Friday, July 17, 2009

Hypotension?

I hate to be a Debbie Downer and keep dwelling on the negative, I just honestly want to feel better though...
I have seen so many doctors in the past year - so many that I don't even have enough fingers to count them all, so I gave up. I have been told that I have Addison's Disease, Hypotension, chronic fatigue, extraordinarily low BP, orthostatic hypotension, the simple case of being a 'New Mommy', and so many other little things... Every doctor seems to have their own opinion, and none of them seem overly concerned. When my BP is 80/46 - Last time I went to the doc - they responded, 'Oh, it is good to have low blood pressure.' Really? even if it is constant, even when I was prego it was low, and the funny thing is that I can never get enough salt and that is supposed to raise your bp!
Seriously, I can see how it can be a culmination of things (it doesn't help, with all of the changes that have gone on this past year...) but I am sure that there is a core issue that is not being treated here. Daily dizziness, fatigue, and faintness are no fun, and have to be the result of something that is going on deeper, right?! Can someone just please start taking it seriously, because it is getting irritating!
So, I have taken the liberty of trying to advocate for myself, by seeking a diagnosis- not the best idea, I know, considering I have no medical education - So, I have been looking up my symptoms.
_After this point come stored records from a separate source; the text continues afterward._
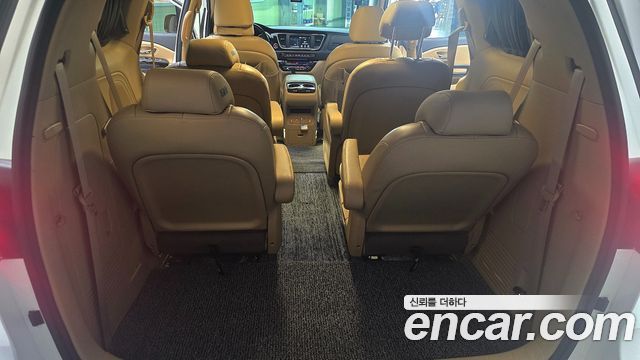 Kia Canival 2020 — photo 11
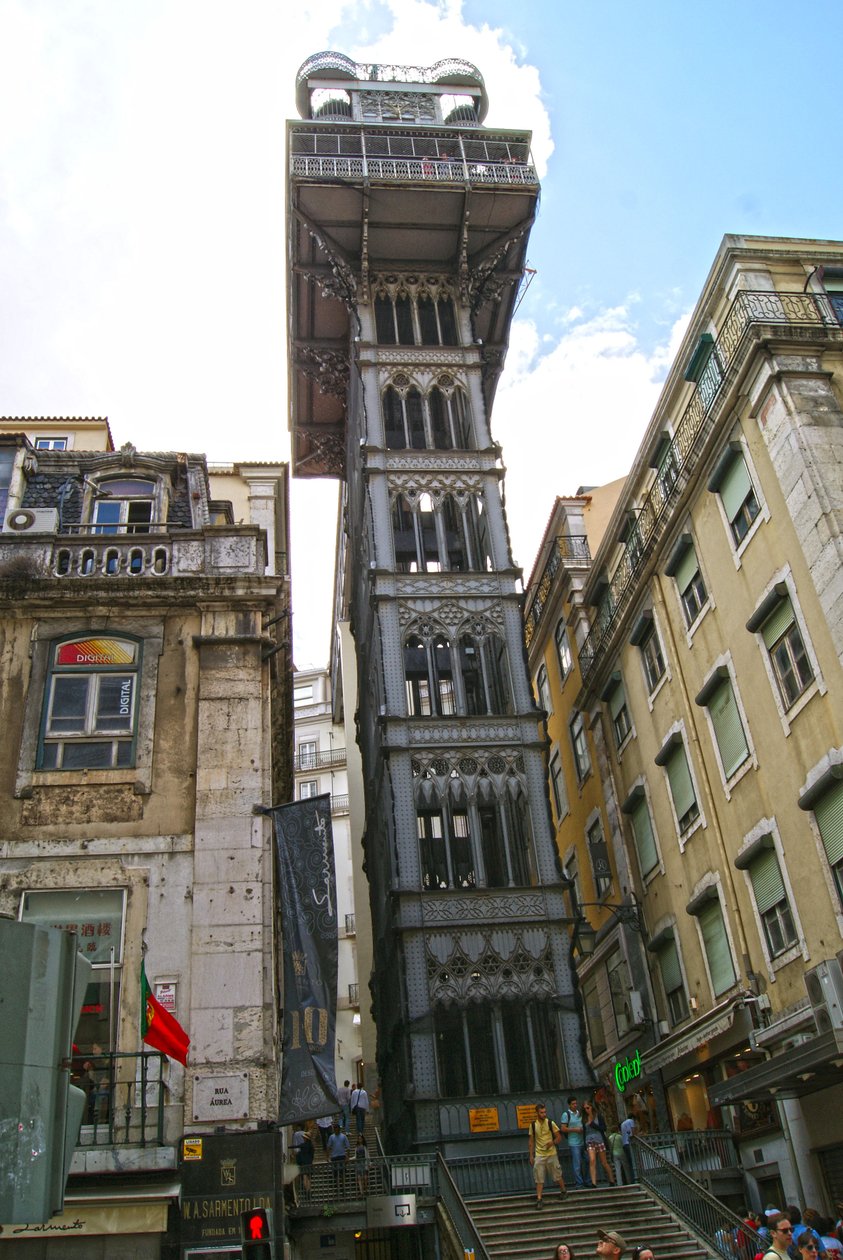 Santa Justa Asansörü, Lizbon, Portekiz (fotoğraf) by School Portuguese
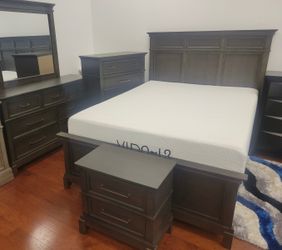 Linex bedroom $599, Queen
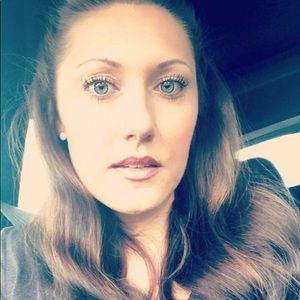 Meet your Posher, Deanna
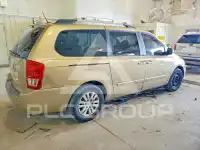 2011 KIA Sedona фото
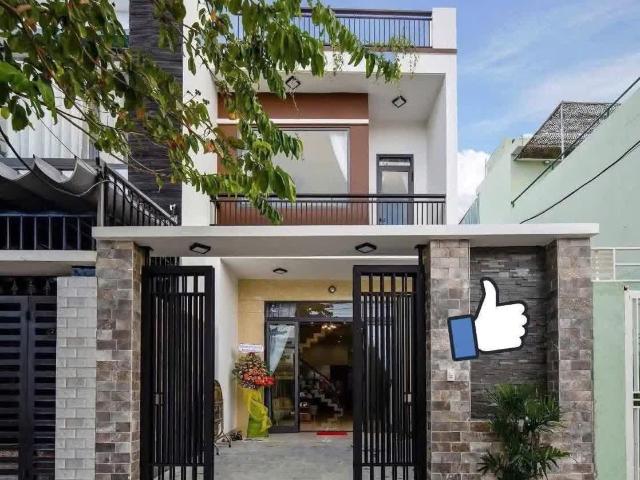 Nhà 2 tầng MT Long Trạch, gần cổng chào huyện Cần Đước, 2 tỷ 7, 108m²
All of the issues I deal with really seem symptomatic of Hypotension of some sort...
Anyway, I am going to go and see a pulmonary sleep specialist to see if maybe I have some sleeping problems, because I am so exhausted all of the time, even if I get plenty of sleep, hopefully the sleep study will reveal something!

1 comment:

Amanda Stombaugh said...

After reading your link on Hypotension, that does sound right! Maybe you do need to be treated for that. I'm sorry that you've gotten the run-around from all those docs. That must be really frustrating. But I'm proud of you for taking the matter into your own hands!